I've been critical of the way the Obama administration blithely assumed that opposition to the health care law would dissipate, so I'm not opposed in principle to Politico publishing a story (by Carrie Budoff Brown) called "5 Things Dems Got Wrong on Health Care." But Thing #1 is just ridiculous, a classic product of Beltway tunnel vision:
Passing a massive health care overhaul with no Republican support was one of the most fateful political decisions of the legislative fight....
Since Republicans had zero buy-in, they've been emboldened to thwart the law in every way possible....
When have Republicans ever let "buy-in" stop them from declaring total war on Democrats? The Wall Street bailout started under their president. Cap-and-trade was their idea. The individual mandate was a key feature of the health plan passed by their next presidential nominee when he was a governor (just getting a health care plan passed was an accomplishment he used to be proud of).
Do you seriously want to tell me that opposition to the Obama stimulus plan was muted thanks to those three GOP votes it got in the Senate? And the second most hated man in America among right-wingers, after Obama -- Eric Holder? There were eighteen Republican votes to confirm him.
And look, this can go both ways. Democrats ran an anti-war presidential candidate in 2004 who'd voted for the war, and nearly did so again in 2008.
Brown goes on to fudge her point:
The administration's pursuit of Republican votes through 2009 is the reason the health care fight dragged on, diverting attention for more than a year from Americans' top concerns: the economy and jobs....
Obama needed to chase Republican support to show skittish moderate Democrats that he at least tried, and he needed to abandon the effort once it became abundantly clear that the GOP had no plans to work with him if wanted a law.
He had to go it alone with Democrats, but the decision came at a price.
I'll agree that letting the bipartisan dance drag on was a huge mistake, because it allowed the Astroturf anger to build and the conspiracy theories to spread -- but Brown seems to see two mistakes here: letting the process drag on and proceeding without Republicans at the end. The latter is of interest only to the tiny, insular world of the Beltway. Really, test me on this: go poll some Americans and ask them if they can tell you how many Republican votes the health care bill got. Make the question multiple choice and throw in some small GOP numbers as possible answers, and see if people have any idea what the votes were. I'd bet real money that they don't.

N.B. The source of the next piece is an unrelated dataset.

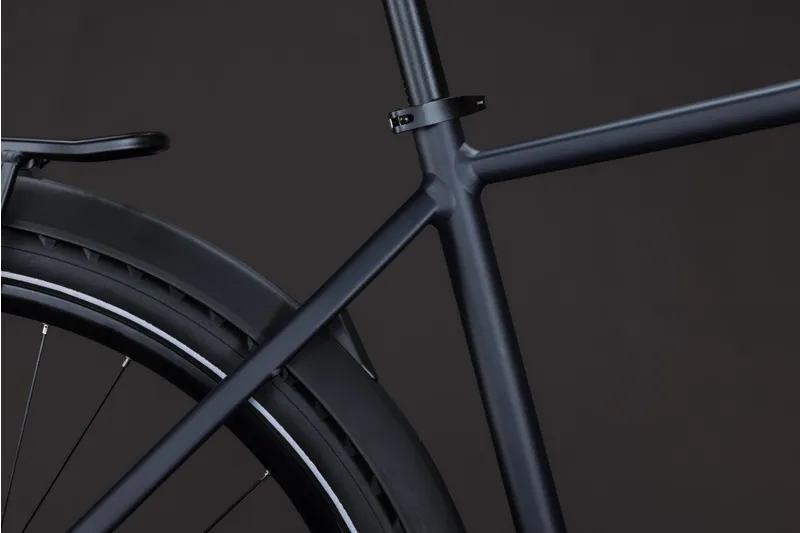 Cube Nature ONE FE Hybrid Bike in Ink and Grey-1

You know how corporations have to do damage control after a disaster like, say, the Tylenol killings? And you know how they sometimes have to do damage control after negative information spreads that's utterly crazy, like the rumors that the Procter & Gamble symbol was satanic? Anger at the health care bill was like P&G's problem, except the magnitude was at a Tylenol level. When it came to what people believed about the bill, it's as if you had crazy P&G-style rumors, but the level of belief in them attained the level of belief in the actual fact of the Tylenol deaths. And Team Obama never grasped that it needed a huge effort to change the narrative. That was the big problem, not the lack of token GOP support.